Assignment: A faithful copy of the data below is required, leaving out every picture.

START Provided material

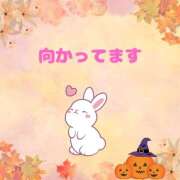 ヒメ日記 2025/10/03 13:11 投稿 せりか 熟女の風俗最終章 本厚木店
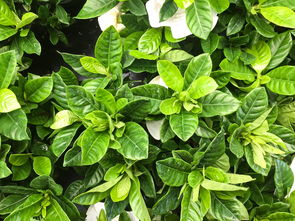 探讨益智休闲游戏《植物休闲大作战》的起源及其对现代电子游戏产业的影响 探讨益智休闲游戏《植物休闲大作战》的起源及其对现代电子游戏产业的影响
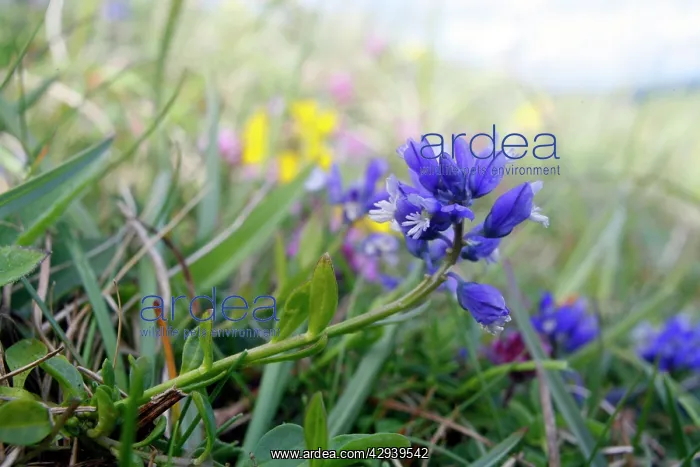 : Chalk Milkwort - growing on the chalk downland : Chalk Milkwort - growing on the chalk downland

END Provided material

Solution for this task:
 ヒメ日記 2025/10/03 13:11 投稿 せりか 熟女の風俗最終章 本厚木店
 探讨益智休闲游戏《植物休闲大作战》的起源及其对现代电子游戏产业的影响 探讨益智休闲游戏《植物休闲大作战》的起源及其对现代电子游戏产业的影响
 : Chalk Milkwort - growing on the chalk downland : Chalk Milkwort - growing on the chalk downland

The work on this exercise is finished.